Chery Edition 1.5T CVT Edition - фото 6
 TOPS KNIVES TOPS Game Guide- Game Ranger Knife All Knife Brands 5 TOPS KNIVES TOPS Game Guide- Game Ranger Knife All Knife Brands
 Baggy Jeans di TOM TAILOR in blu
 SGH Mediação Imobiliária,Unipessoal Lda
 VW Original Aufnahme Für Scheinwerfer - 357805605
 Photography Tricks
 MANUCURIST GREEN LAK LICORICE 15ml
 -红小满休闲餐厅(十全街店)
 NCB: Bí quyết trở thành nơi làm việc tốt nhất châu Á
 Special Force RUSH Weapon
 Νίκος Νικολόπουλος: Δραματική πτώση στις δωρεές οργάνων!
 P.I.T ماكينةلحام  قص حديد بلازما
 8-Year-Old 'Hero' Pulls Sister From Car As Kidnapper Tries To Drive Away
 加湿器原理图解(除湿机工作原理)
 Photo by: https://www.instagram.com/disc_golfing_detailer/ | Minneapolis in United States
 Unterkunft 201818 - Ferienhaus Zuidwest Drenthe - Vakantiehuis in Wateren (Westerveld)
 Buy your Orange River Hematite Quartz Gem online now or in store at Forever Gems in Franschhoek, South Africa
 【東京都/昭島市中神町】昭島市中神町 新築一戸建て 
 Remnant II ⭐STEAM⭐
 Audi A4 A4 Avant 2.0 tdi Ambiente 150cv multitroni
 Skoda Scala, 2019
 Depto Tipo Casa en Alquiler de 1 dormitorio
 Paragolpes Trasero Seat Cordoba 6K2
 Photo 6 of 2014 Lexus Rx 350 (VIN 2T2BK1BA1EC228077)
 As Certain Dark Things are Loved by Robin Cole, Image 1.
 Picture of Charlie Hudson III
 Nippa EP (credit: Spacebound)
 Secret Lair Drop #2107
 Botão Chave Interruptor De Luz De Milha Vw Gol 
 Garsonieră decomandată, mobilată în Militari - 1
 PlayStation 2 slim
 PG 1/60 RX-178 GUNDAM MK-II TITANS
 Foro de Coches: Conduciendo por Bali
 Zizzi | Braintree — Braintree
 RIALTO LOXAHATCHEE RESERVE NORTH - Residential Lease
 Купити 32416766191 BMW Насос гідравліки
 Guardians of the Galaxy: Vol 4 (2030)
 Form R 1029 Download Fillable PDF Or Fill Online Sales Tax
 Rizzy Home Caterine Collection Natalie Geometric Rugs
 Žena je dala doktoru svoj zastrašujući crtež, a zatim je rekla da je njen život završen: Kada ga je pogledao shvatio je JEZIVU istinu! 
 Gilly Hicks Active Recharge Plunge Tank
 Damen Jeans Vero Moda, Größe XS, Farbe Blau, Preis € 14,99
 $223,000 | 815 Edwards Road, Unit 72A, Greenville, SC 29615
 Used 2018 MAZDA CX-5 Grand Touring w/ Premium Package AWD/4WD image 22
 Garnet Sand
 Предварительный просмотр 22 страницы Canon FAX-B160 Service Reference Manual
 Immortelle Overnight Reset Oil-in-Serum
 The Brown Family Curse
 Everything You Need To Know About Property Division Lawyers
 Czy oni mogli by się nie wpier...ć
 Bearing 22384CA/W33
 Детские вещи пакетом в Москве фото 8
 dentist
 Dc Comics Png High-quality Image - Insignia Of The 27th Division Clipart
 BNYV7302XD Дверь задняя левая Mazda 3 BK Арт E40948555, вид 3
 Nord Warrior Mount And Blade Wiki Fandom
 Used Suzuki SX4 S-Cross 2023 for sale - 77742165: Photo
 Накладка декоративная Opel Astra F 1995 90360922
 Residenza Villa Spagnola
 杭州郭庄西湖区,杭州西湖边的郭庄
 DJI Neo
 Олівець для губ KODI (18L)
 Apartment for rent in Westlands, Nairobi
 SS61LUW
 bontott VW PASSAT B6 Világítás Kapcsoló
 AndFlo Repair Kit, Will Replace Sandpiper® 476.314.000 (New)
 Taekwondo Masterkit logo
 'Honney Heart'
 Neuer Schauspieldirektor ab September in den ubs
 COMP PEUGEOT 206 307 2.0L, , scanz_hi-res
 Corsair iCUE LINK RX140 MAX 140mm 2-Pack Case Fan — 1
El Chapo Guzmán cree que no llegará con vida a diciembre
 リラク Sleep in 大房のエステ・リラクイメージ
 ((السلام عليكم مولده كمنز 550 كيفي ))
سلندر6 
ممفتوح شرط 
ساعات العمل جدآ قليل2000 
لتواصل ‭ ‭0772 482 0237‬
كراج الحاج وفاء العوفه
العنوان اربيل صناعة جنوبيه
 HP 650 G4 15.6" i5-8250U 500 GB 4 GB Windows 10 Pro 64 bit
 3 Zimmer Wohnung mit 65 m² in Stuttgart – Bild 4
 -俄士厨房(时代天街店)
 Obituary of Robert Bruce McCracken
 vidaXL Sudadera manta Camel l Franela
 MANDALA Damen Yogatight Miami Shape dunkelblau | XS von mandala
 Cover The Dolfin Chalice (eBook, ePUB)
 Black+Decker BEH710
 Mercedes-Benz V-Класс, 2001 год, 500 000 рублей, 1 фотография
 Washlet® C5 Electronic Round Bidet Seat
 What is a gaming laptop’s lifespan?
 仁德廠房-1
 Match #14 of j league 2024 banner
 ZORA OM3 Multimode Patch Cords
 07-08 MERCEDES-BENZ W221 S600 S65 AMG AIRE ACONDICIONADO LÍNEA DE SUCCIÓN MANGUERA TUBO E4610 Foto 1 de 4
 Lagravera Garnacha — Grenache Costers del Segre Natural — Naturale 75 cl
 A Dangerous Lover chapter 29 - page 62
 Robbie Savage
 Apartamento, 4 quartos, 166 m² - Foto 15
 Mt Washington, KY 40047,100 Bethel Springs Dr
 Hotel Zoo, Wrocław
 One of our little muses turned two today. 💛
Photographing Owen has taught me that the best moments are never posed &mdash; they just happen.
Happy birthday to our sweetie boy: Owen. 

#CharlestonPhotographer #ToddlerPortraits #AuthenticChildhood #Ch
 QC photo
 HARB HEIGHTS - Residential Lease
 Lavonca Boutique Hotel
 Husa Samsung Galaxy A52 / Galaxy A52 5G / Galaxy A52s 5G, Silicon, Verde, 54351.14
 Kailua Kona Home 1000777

(WHAT THIS TASK INVOLVES):
Filter the data above by the word "Home" and copy every line that matches.

(PROBLEM SOLUTION):
 Rizzy Home Caterine Collection Natalie Geometric Rugs
 Kailua Kona Home 1000777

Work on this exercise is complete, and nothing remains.